Alfred Cecil Harwood *05.01.1898 London (UK) †22.12.1975 Forest Row Sussex was a lecturer, Waldorf teacher, writer, editor and anthroposophist.

Cecil Harwood was the youngest of five children born into the household of a pastor. He attended school together with Owen Barfield, who became his life-long friend and co-worker in many areas of his life. Together they studied at Oxford University and were part of the circle of the Inklings that included C.S. Lewis and J.R.R Tolkien. His friendship with Daphne Olivier, who later became his wife, led him to meet Rudolf Steiner and subsequently, to found the first Waldorf school in England, the so-called “New School” that later became Michael Hall, together with her and three other colleagues. He remained connected to the school for the rest his life.

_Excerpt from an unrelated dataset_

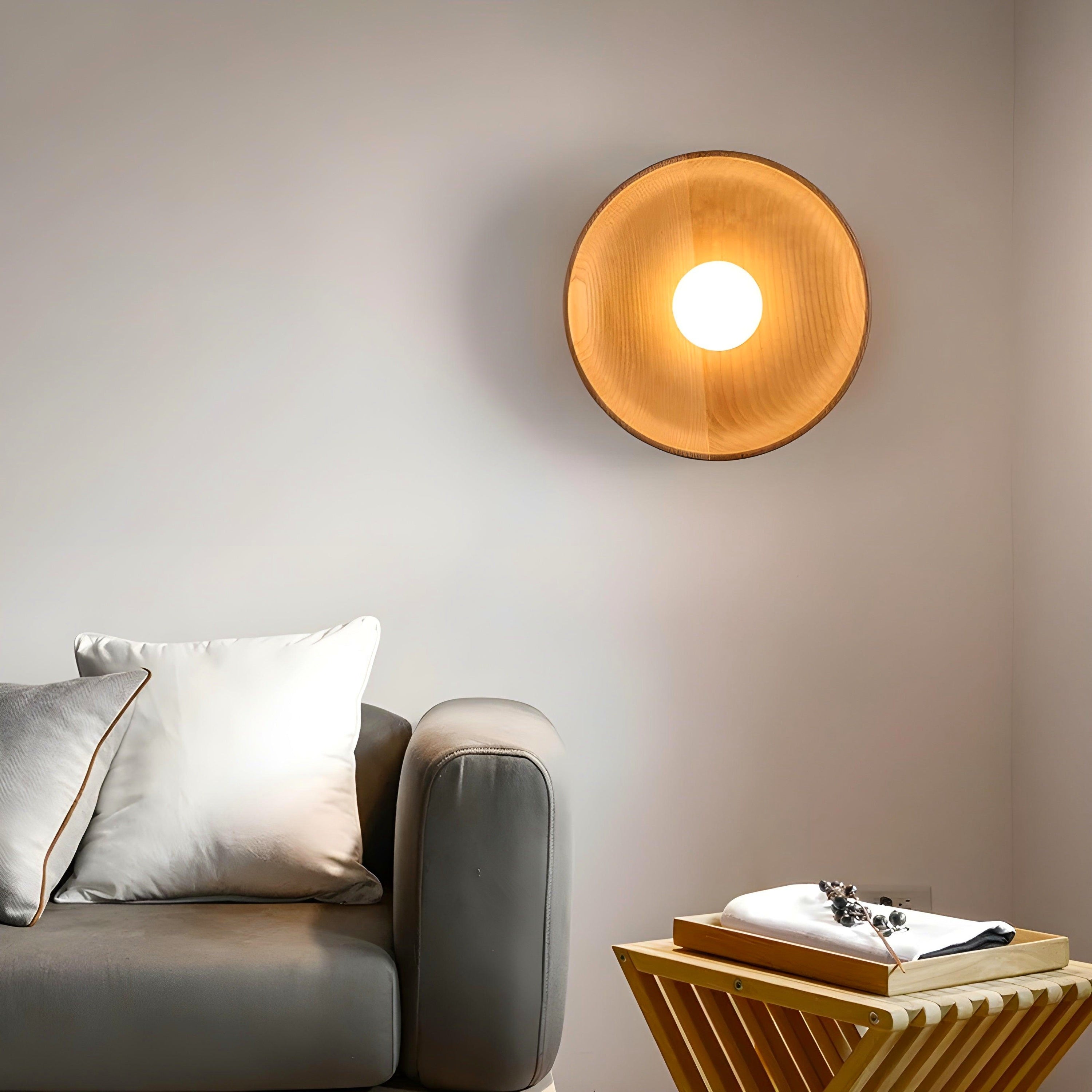 Bilde av Carins Taklampe i Tre – Stilren Eleganse for Moderne Hjem fra Velisse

Daphne and he had had five children and had worked together for over 25 years when she died in 1950. In the meantime, in 1948, a Swedish/English eurythmist by the name of Marguerite Lundgren had begun working in England, who was dedicated to English-language eurythmy and had become friends with both Owen Barfield and the Harwoods. She and Harwood married in 1953, beginning another fruitful co-work as they built up the eurythmy work in England with performances, international tours, the London School of Eurythmy and finally the book on which they collaborated with Marjorie Raffé, Eurythmy and the Impulse of Dance.

Harwood had joined the Anthroposophical Society in Great Britain shortly after meeting Rudolf Steiner for the first time in 1924. In 1937 he became its chairman and General Secretary, a position he carried until 1974. In this capacity he was instrumental not just in developing the work in the United Kingdom but also in re-establishing the international relationships within the Anthroposophical Society as a whole after the internal difficulties of the 1930s and 1940s. This implied a certain amount of travel, which he undertook not just on behalf of the Society but also in assisting the growth and development of Waldorf education worldwide and in particular, in the United States.

He was founder and for many years editor of Child and Man, the journal of the Waldorf Steiner schools in Great Britain, as well as writing one of the definitive works on Waldorf Education for the English-speaking world: The Recovery of Man in Childhood. Besides this, he translated into English certain central works of Anthroposophical life from Rudolf Steiner’s original formulations. These were the Calendar of the Soul, a cycle of meditations through the changing seasons of the year; the Services of The Christian Community and the three texts of the Oberuferer Weihenachtsspiele, traditional Christmas plays from the village of Oberufer in today’s Slovakia.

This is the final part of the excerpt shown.